I can't stop watching the Dog Whisperer. I think I'm in love with Cesar Millan. He has such dark brown eyes. Big, soft dog eyes. I want to go to his dog camp and live in the herd. He'd mix my food with his own hands. I would learn to work in a pack. I would submit.
Seriously, the guy is a genius. He just whips into these people's lives and points out that they have the problem, not the dog. They have to be leaders. The dog is content to follow a strong leader.
I think I have always confused leading with Knowing Everything. Even the writing I'm doing on Ehow, it contributes to this I Know Everything problem. I KNOW I will get in trouble for stealing stuff from the thrift store, and yet I do it. Sometimes.

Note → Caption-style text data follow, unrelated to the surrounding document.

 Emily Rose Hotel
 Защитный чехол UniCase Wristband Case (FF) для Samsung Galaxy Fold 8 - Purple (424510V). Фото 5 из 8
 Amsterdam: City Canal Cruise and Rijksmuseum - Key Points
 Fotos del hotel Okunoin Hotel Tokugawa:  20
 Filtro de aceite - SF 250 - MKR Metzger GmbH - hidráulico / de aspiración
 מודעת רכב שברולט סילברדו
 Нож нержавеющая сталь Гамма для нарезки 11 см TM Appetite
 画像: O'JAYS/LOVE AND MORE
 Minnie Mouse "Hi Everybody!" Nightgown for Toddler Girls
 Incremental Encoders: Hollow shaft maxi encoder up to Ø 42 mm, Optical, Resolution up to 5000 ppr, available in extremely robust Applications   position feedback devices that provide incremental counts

I think I need a leader, and all these years, I keep looking for that outside leader. I think Cesar is saying TO ME - YOU ARE THE LEADER. But Cesar, can't I come live in your dog camp? Even though you're from Mexico can I still follow you? Wait, he's saying. YOU can do it. YOU are the leader. Not the one who knows everything. But the one who can lead.

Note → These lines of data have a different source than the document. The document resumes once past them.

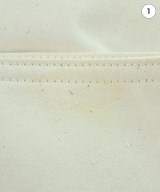 JIL SANDER（ジルサンダー）ロング・マキシ丈スカート 白 サイズ:34(XXS位) レディース/2200721392042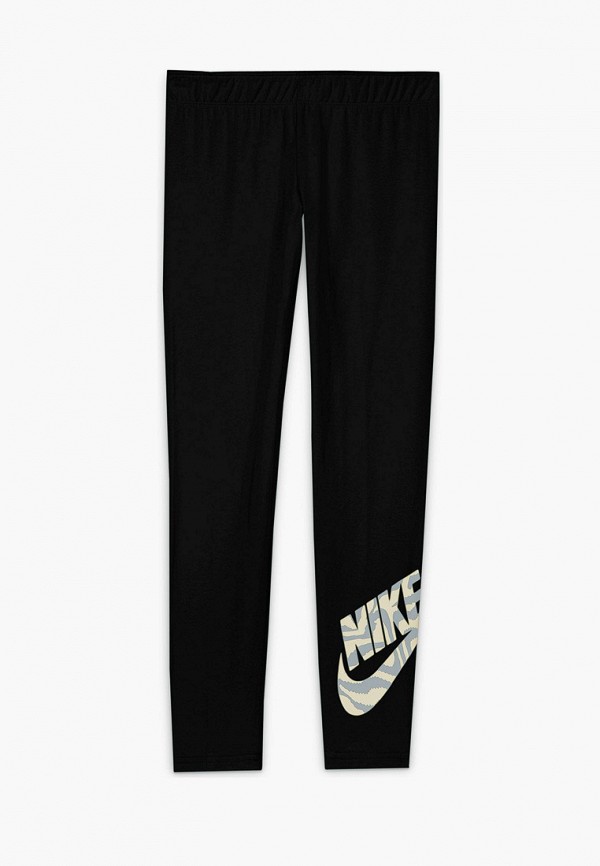 

Леггинсы Nike, Черный, G NSW FAVORITES GX LGGNG FILL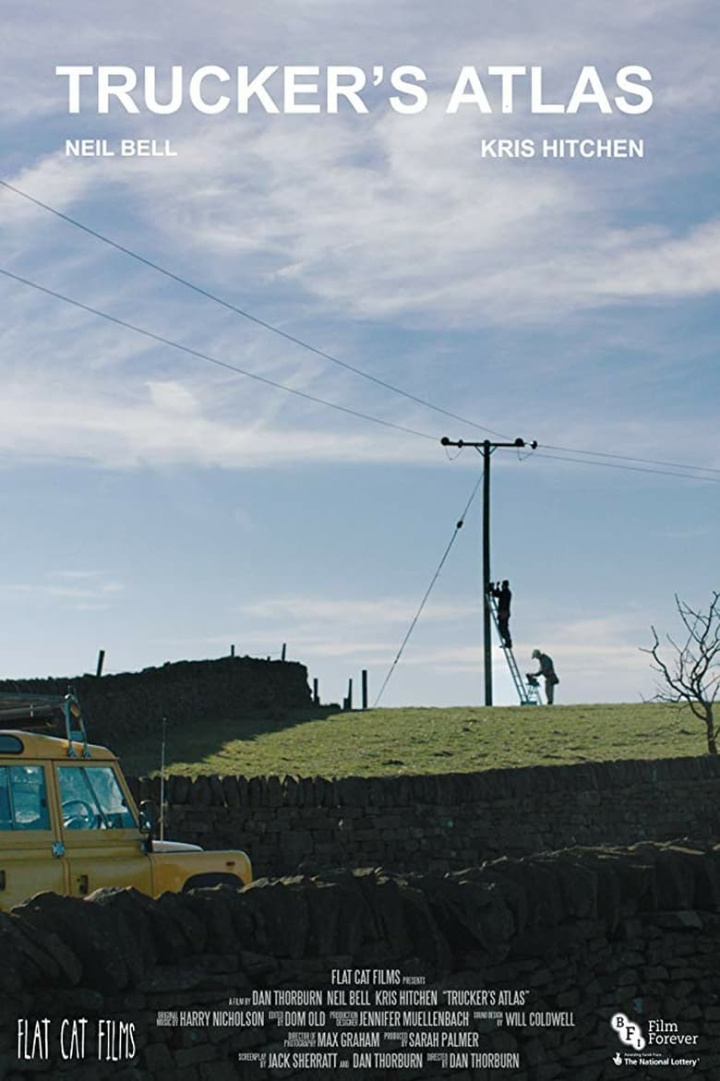 Trucker\'s Atlas i gruppen Alla filmer / Drama hos Mohamad shop (599514)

I've been really good at being haphazard my whole life. I've perfected it. But I think this is a whole new level I can reach. Staying haphazard (which means never filing anything on my desk) and at the same time, finding diamond-like clarity within my heart. Tight, pure, beautiful silence. Acceptance. Love.
Like the stretched out Hank by the front door, on the cool tile, sleeping. Expecting nothing, happy for everything. Happy just to see your face.
Being the leader doesn't mean you know what you're doing. It just means you are at peace with your own power, and that your weaknesses are what make you shiny, and loveable.